Pourquoi l'enfance sociale de l'humanité, à son plus beau développement, n'exercerait-elle pas un attrait éternel, comme une phase qui ne reviendra jamais ? « (Marx, Introduction à une critique de l'économie politique, publiée par Kautsky) On doit toutefois signaler que les arts qui sont nés dans les conditions de la technique et de l'économie modernes impliquent collaboration et dépendance à l'égard du système représenté par l'état social. Ainsi, par exemple, du cinéma : Un film ne sort pas « tout armé « du cerveau d'un individu; aucun film n'a été jusqu'à présent l'œuvre d'un seul créateur... Il est le résultat d'un ensemble de techniques juxtaposées. Dans un film, l'animateur est parfois l'écrivain, souvent le metteur en scène; toutefois, le photographe a voix au chapitre, ainsi que l'ingénieur du son et quantité d'autres spécialistes. D'où la difficulté pour un individu seul d'échafauder une conception d'ensemble. (André Boll, Le cinéma et son histoire, Ed.
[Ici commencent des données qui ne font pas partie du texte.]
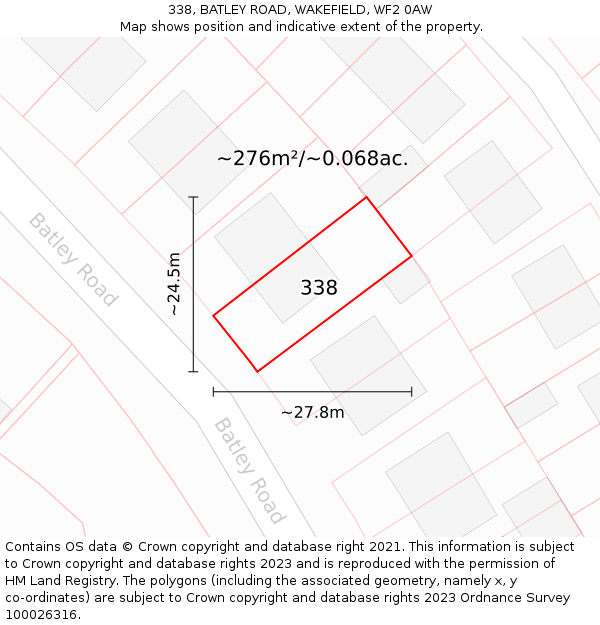 338, BATLEY ROAD, WAKEFIELD, WF2 0AW: Plot and title map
Séquana) Ajoutons encore que le film dépend aussi du producteur et par lui de ses commanditaires. On peut, enfin, considérant les rapports existant entre le beau et les conditions de la vie en groupe citer ce texte de Diogène Laërce : Platon déjà, selon lui (comme il l'avait fait dans le domaine de la morale), ne manque pas d'accorder aux circonstance? leur part dans la détermination de la valeur. Aussi Diogène Laërce peut-il prêter à Platon l'opinion suivante : Il y a trois sortes de beauté : celle qu'on loue (ex. : la beauté du visage); une autre est la beauté pratique (ex. : celle d'un instrument, d'une maison, etc., toutes choses belles en raison de l'usage); enfin ce qui est conforme aux lois, aux mœurs, forme un genre de beauté utile. Ainsi donc il y a trois sortes de beauté : esthétique, pratique, utile. (Diogène Laërce, Vie, doctrines et sentences des philosophes illustres) Sans doute cette distinction n'est-elle pas sans intérêt pour éclairer la position du problème esthétique par les philosophes qui ont lié la question à des considérations d'ordre social ou technique.

1. Il est amusant de souligner que Marx semble amorcer, avant la lettre, une explication psychanalytique de l'art : la nostalgie d'une enfance.